Personal information
- Born: Bland, Missouri, U.S.
- Listed height: 5 ft 11 in (1.80 m)
- Listed weight: 175 lb (79 kg)

Career information
- High school: Bland (Bland, Missouri)
- College: Moberly Area CC (1949–1950); Saint Louis (1950–1952);
- NBA draft: 1952: – round, –
- Drafted by: Rochester Royals
- Position: Point guard

Career highlights
- Third-team All-American – AP, UPI (1952); First-team All-MVC (1952);
- Stats at Basketball Reference

= Ray Steiner =

American basketball player

Ray G. Steiner is a retired American basketball player, best known for his All-American college career at Saint Louis University.

Stenier, a 5 ft 11 in point guard from Bland, Missouri, started at the University of Missouri, then transferred to Moberly Area Community College in the 1949–50 season, leading the Greyhounds to the 1950 junior college state title. From there, Steiner transferred to Saint Louis for his final two seasons of eligibility.
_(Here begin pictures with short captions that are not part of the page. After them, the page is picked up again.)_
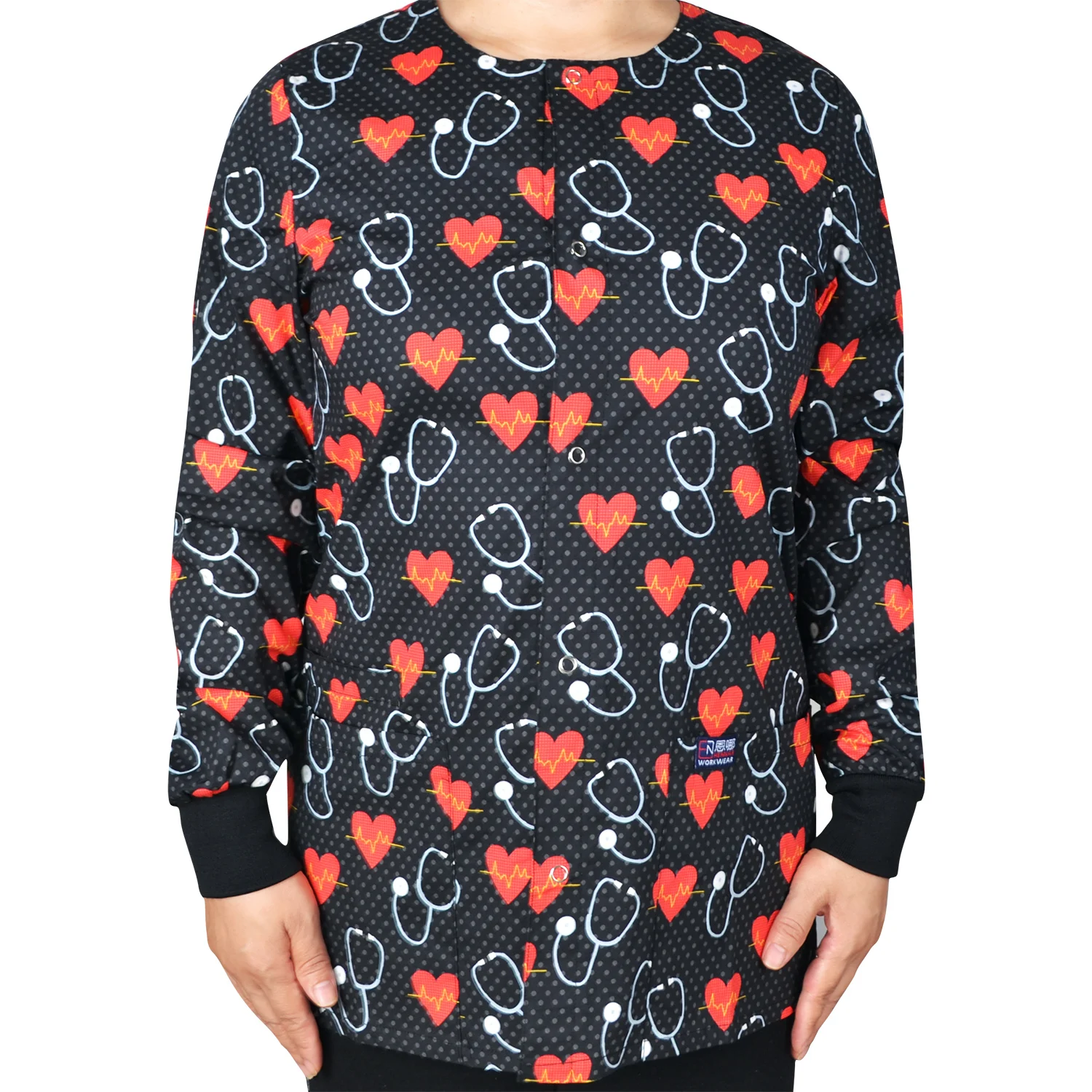 Медицинские хирургические куртки из 100% хлопка для женщин, размеры XXS-4XL
Медицинские хирургические куртки из 100% хлопка для женщин, размеры XXS-4XL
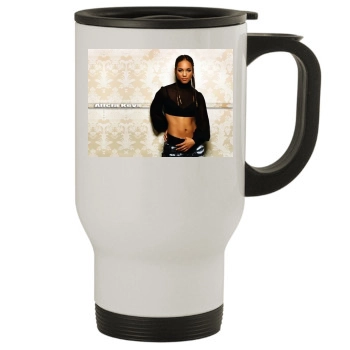 Alicia Keys Stainless Steel Travel Mug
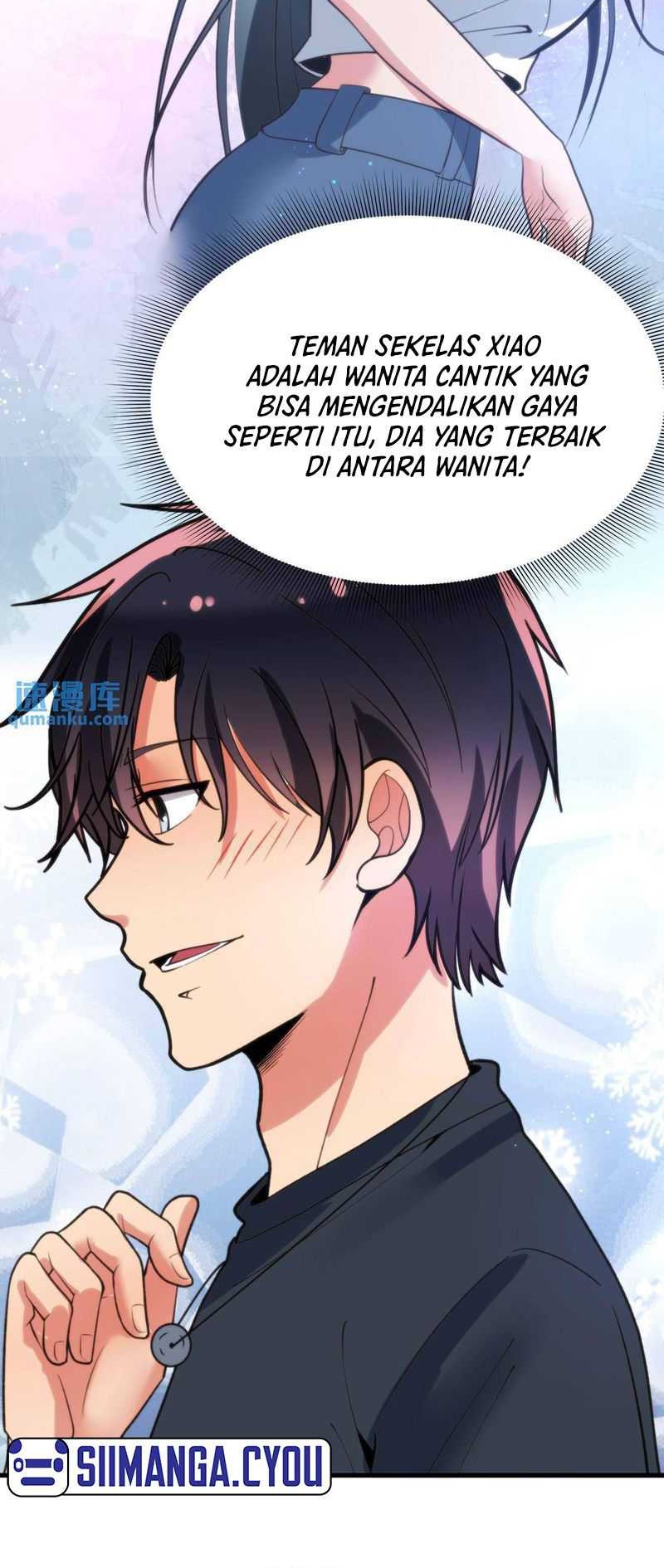 I Have 90 Billion Licking Gold Chapter 69 - halaman 7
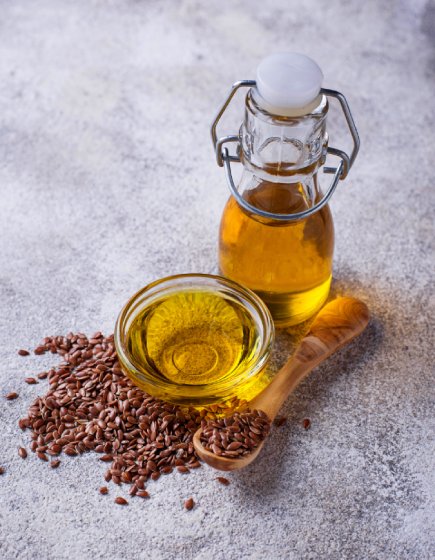 Flaxseed Oil - High-Quality Oil for Export by Roominos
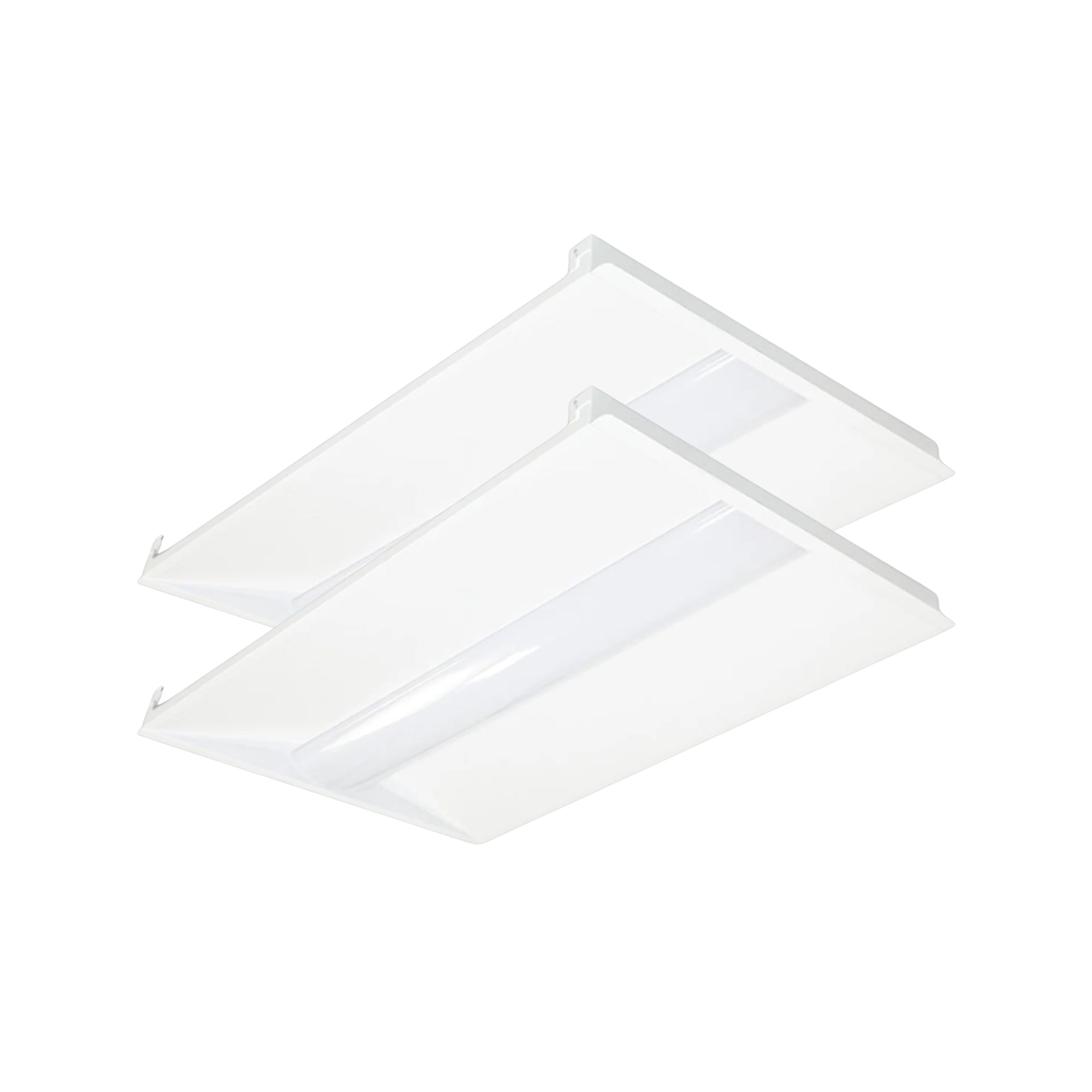 GLT Center Basket Troffer Light - Bees Lighting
After placing on the All-Missouri Valley Conference (MVC) second team as a junior, Steiner stepped up his game in his senior season. He drew acclaim in the regular season as he sparked the Billikens to a 61–60 win over top-ranked Kentucky in the Sugar Bowl Classic. He led SLU to the school's first NCAA tournament berth and at the conclusion of the season was named unanimously to the All-MVC first team and placed on the AP and UPI third All-America teams.

Following his graduation from SLU, Steiner was drafted by the Rochester Royals in the 1952 NBA draft. Instead he chose to play for the Phillips 66ers in the Amateur Athletic Union. After his playing days were over, he remained with Phillips Petroleum Company.